Cray System Management Documentation > Cray System Management (CSM) Administration Guide > system management health > Access System Management Health Services

Access System Management Health Services

All System Management Health services are exposed outside the cluster through the OAuth2 Proxy and Istio’s ingress gateway to enforce the authentication and authorization policies. The URLs to access these services are available on any system with CMN, BGP, MetalLB, and external DNS properly configured.

Prerequisites
System domain name
System Management Health service links
- Prometheus
- Thanos
- Alertmanager
- Grafana
- Kiali

Prerequisites

Access to the System Management Health web UIs is through Istio’s ingress gateway and requires clients (browsers) to set the appropriate HTTP Host header to route traffic to the desired service.
Access to these URLs may require administrative privileges on the workstation running the user’s web browser.
The Customer Management Network (CMN), Border Gateway Protocol (BGP), MetalLB, and external DNS are properly configured.

System domain name

The SYSTEM_DOMAIN_NAME value found in some of the URLs on this page is expected to be the system’s fully qualified domain name (FQDN).

(ncn-mw#) The FQDN can be found by running the following command on any Kubernetes NCN.

kubectl get secret site-init -n loftsman -o jsonpath='{.data.customizations\.yaml}' | base64 -d | yq r - spec.network.dns.external

Example output:

system.hpc.amslabs.hpecorp.net

Be sure to modify the example URLs on this page by replacing SYSTEM_DOMAIN_NAME with the actual value found using the above command.

System Management Health service links

Access any System Management Health service with the provided links.

When accessing the URLs listed below, it will be necessary to accept one or more browser security warnings in order to proceed to the login screen and navigate through the application after successfully logging in. The details of the security warning will indicate that a self-signed certificate/unknown issuer is being used for the site. Support for incorporation of certificates from Trusted Certificate Authorities is planned for a future release.

Prometheus

URL: https://prometheus.cmn.SYSTEM_DOMAIN_NAME/

Central Prometheus instance scrapes metrics from Kubernetes, Ceph, and the hosts (part of kube-prometheus-stack Helm chart).

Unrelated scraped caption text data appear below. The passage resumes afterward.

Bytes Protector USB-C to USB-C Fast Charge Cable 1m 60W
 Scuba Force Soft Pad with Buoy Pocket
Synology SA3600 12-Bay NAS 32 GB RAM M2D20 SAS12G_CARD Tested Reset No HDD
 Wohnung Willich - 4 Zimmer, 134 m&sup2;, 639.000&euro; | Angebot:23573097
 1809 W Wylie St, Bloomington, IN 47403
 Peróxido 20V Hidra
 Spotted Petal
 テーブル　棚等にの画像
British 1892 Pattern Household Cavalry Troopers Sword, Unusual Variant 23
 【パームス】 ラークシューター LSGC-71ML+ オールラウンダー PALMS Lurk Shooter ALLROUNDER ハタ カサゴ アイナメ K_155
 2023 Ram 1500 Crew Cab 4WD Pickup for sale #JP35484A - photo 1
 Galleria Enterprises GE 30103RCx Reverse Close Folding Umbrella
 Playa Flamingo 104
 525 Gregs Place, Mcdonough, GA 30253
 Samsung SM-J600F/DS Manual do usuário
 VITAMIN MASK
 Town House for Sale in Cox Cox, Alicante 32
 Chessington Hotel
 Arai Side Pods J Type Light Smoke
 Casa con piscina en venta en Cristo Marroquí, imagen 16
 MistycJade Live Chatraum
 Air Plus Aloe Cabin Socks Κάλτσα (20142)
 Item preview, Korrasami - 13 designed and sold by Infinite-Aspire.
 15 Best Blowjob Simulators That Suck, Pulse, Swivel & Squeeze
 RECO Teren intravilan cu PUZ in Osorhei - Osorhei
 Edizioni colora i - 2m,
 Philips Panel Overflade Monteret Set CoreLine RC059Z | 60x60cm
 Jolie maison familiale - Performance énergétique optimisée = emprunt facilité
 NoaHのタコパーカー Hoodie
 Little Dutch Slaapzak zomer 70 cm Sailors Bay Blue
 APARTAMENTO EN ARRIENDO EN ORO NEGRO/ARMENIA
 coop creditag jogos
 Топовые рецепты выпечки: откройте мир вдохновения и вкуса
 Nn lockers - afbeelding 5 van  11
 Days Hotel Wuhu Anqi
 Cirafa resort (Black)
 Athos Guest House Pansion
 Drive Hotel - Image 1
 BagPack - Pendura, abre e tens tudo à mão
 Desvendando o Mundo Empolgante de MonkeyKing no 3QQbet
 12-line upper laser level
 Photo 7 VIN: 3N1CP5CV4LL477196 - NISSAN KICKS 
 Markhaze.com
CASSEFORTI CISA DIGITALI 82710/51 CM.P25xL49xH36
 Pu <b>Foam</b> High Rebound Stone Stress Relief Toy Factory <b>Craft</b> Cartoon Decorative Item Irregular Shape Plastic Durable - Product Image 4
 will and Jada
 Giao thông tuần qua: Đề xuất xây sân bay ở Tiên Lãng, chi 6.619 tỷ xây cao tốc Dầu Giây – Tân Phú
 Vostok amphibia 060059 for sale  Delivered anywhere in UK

Prometheus generates alerts based on metrics and reports them to the Alertmanager. The ‘Alerts’ link at the top of the page will show all of the inactive, pending, and firing alerts on the system. Clicking on any of the alerts will expand them, enabling users to use the ‘Labels’ data to discern the details of the alert. The details will also show the state of the alert, how long it has been active, and the value for the alert.

For more information regarding the use of the Prometheus interface, see Getting Started/ in the Prometheus online documentation.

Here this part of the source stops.